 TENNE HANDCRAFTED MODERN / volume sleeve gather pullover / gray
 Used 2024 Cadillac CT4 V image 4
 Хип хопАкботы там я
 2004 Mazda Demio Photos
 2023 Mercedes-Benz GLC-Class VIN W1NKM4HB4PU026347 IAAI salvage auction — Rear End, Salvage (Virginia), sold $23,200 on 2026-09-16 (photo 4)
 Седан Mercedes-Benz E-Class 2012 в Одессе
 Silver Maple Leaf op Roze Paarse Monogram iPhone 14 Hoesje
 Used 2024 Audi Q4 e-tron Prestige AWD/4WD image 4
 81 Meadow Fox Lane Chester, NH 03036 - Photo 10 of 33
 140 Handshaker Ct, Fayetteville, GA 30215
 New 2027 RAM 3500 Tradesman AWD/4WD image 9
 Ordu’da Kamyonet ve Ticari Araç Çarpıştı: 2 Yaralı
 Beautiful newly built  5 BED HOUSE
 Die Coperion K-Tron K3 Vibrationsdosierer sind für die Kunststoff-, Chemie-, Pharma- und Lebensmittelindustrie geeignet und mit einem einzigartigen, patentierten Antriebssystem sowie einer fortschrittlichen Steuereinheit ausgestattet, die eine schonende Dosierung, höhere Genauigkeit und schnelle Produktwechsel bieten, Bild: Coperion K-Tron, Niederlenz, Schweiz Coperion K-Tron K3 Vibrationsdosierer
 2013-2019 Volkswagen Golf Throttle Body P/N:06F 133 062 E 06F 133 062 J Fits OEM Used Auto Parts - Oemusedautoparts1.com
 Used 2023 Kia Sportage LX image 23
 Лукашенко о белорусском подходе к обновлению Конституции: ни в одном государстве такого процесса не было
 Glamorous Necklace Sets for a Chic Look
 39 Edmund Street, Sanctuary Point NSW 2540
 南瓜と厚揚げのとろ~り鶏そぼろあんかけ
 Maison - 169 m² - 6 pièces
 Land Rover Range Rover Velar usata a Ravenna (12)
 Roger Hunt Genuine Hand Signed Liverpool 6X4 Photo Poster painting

☆ ☆ ☆ ☆ ☆ ☆ ☆

* _WORK REQUEST_
Give back the lines of the data exactly as they are written, from the first line through the line containing "Silver Maple Leaf".

* _FINAL ANSWER_
 TENNE HANDCRAFTED MODERN / volume sleeve gather pullover / gray
 Used 2024 Cadillac CT4 V image 4
 Хип хопАкботы там я
 2004 Mazda Demio Photos
 2023 Mercedes-Benz GLC-Class VIN W1NKM4HB4PU026347 IAAI salvage auction — Rear End, Salvage (Virginia), sold $23,200 on 2026-09-16 (photo 4)
 Седан Mercedes-Benz E-Class 2012 в Одессе
 Silver Maple Leaf op Roze Paarse Monogram iPhone 14 Hoesje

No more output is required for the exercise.